Hi,
Sorry for the delay, I didn't had time to come back to it until this afternoon.
On Mon, Apr 10, 2023 at 09:18:46AM +0000, Hayato Kuroda (Fujitsu) wrote:
>
> I have analyzed about the point but it seemed to be difficult. This is because
> some additional records like followings may be inserted. PSA the script which is
> used for testing. Note that "double CHECKPOINT_SHUTDOWN" issue might be wrong,
> so I wanted to withdraw it once. Sorry for noise.
>
> * HEAP/HEAP2 records. These records may be inserted by checkpointer.
>
> IIUC, if there are tuples which have not been flushed yet when shutdown is requested,
> the checkpointer writes back all of them into heap file. At that time many WAL
> records are generated. I think we cannot predict the number of records beforehand.
>
> * INVALIDATION(S) records. These records may be inserted by VACUUM.
>
> There is a possibility that autovacuum runs and generate WAL records. I think we
> cannot predict the number of records beforehand because it depends on the number
> of objects.
>
> * RUNNING_XACTS record
>
> It might be a timing issue, but I found that sometimes background writer generated
> a XLOG_RUNNING record. According to the function BackgroundWriterMain(), it will be
> generated when the process spends 15 seconds since last logging and there are
> important records. I think it is difficult to predict whether this will be appeared or not.
I don't think that your analysis is correct. Slots are guaranteed to be
stopped after all the normal backends have been stopped, exactly to avoid such
extraneous records.
What is happening here is that the slot's confirmed_flush_lsn is properly
updated in memory and ends up being the same as the current LSN before the
shutdown. But as it's a logical slot and those records aren't decoded, the
slot isn't marked as dirty and therefore isn't saved to disk.

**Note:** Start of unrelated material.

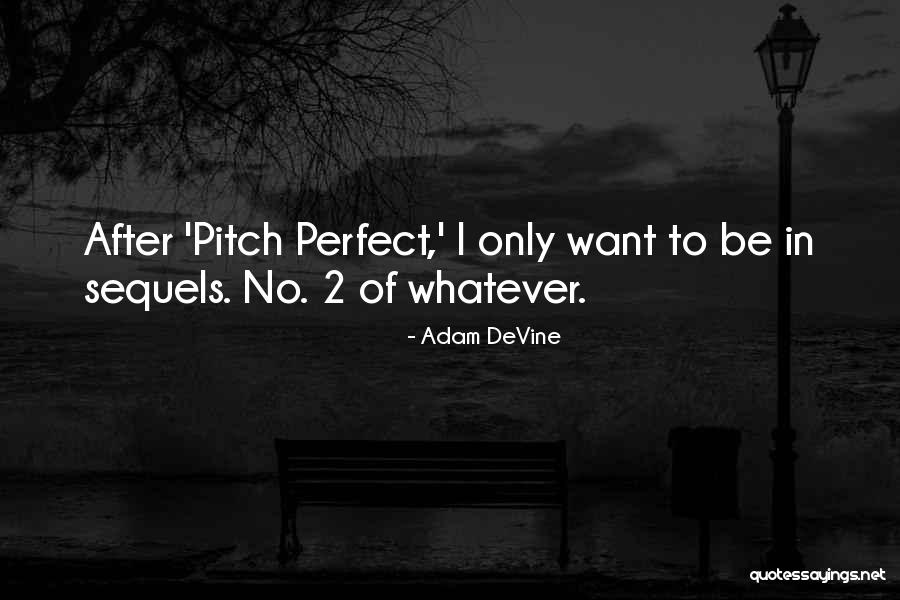 Adam Devine Pitch Perfect Quotes By Adam DeVine Adam Devine Pitch Perfect Quotes By Adam DeVine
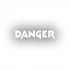 Danger Araba Sticker 17x17 Cm Beyaz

You don't see
that behavior when doing a manual checkpoint before (per your script comment),
as in that case the checkpoint also tries to save the slot to disk but then
finds a slot that was marked as dirty and therefore saves it.
In your script's scenario, when you restart the server the previous slot data
is restored and the confirmed_flush_lsn goes backward, which explains those
extraneous records.
It's probably totally harmless to throw away that value for now (and probably
also doesn't lead to crazy amount of work after restart, I really don't know
much about the logical slot code), but clearly becomes problematic with your
usecase. One easy way to fix this is to teach the checkpoint code to force
saving the logical slots to disk even if they're not marked as dirty during a
shutdown checkpoint, as done in the attached v1 patch (renamed as .txt to not
interfere with the cfbot). With this patch applied I reliably only see a final
shutdown checkpoint record with your scenario.
Now such a change will make shutdown a bit more expensive when using logical
replication, even if in 99% of cases you will not need to save the
confirmed_flush_lsn value, so I don't know if that's acceptable or not.